In vista dell’udienza della Cassazione che il 3 maggio metterà fine alla lunga vicenda giudiziaria , che vede lei e i familiari colpevoli dell’omicidio del suo fidanzato Marco Vannini, Martina Ciontoli affida al Tg2 una lettera nella quale racconta il suo stato d’animo.
Ci sarebbe da dire ” Che faccia tosta”.
Si infanga ancora la memoria di questo ragazzo , morto in modo crudele .
Marco poteva essere salvato ma quella maledetta sera , nessuno lo aiutò.
Sono ancora vive nelle nostre menti , le sue urla strazianti, intercettate in una delle tante ed inutili telefonate , fatte al 118.
Marco chiedeva aiuto, Marco voleva sua madre , ma nessuno ha fatto nulla.
Per Mamma Marina queste parole della ex fidanzata sono un doppio insulto.
Insulto alla memoria del suo unico figlio .
Ecco una sintesi delle sue parole che ci fanno ancora più rabbia :
Avevo 19 anni, Marco 20, quando una notte, all’improvviso, cambiava tutto. Per mano di mio padre.
Per uno scherzo… Io non avevo capito niente. Marco stava morendo.
Sono sensi di colpa?
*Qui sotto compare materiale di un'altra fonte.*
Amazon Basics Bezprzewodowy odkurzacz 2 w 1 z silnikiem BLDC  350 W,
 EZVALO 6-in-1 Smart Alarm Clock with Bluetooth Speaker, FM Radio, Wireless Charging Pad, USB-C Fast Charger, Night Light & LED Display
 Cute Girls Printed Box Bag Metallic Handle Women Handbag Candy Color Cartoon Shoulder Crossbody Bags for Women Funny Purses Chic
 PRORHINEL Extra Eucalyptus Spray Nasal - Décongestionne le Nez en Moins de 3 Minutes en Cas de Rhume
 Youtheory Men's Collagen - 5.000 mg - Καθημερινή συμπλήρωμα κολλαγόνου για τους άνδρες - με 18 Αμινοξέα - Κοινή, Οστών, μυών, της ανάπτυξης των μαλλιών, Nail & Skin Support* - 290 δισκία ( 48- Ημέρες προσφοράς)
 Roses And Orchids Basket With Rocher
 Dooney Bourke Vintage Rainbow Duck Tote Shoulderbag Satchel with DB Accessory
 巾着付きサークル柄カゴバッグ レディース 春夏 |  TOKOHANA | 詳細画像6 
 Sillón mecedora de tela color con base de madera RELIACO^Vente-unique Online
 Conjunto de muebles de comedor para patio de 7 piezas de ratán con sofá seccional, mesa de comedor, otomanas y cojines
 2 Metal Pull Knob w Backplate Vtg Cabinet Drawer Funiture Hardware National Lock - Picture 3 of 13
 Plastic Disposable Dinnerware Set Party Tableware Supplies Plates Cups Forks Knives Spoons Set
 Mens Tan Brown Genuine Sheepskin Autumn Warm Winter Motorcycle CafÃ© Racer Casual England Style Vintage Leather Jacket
Chissà ma ora è troppo tardi diremo .
Ripercorriamo un po’ la vicenda .
Il 17 maggio del 2015, Marco Vannini muore a Ladispoli nella casa della fidanzata Martina Ciontoli.
La causa, un colpo d’arma da fuoco.
Dopo lo sparo vengono chiamati i soccorsi ma la prima telefonata per l’arrivo di un’ambulanza (come dimostrano le registrazioni a disposizione della magistratura) viene annullata.
Sotto si sentono le grida strazianti di Marco che chiedeva aiuto e che chiamava la sua mamma.
Ma i Ciontoli liquidano l’operatrice del 118 dicendo che Marco si è solo spaventato tanto per un colpo d’aria.
Un’ora più tardi parte una seconda telefonata, ma anche questa volta l’incidente viene minimizzato: nessuno parla di un colpo d’arma da fuoco, quello che ha trapassato il polmone di Marco dopo essere entrato da sotto il suo braccio destro.
All’operatore dell’emergenza sanitaria, chi chiama riferisce di un non precisato «buchino con il pettine».
Secondo l’accusa, l’intento di Antonio Ciontoli era chiaro: avrebbe tentato di rifiutare qualsiasi tipo d’intervento esterno per salvare la vita del ragazzo.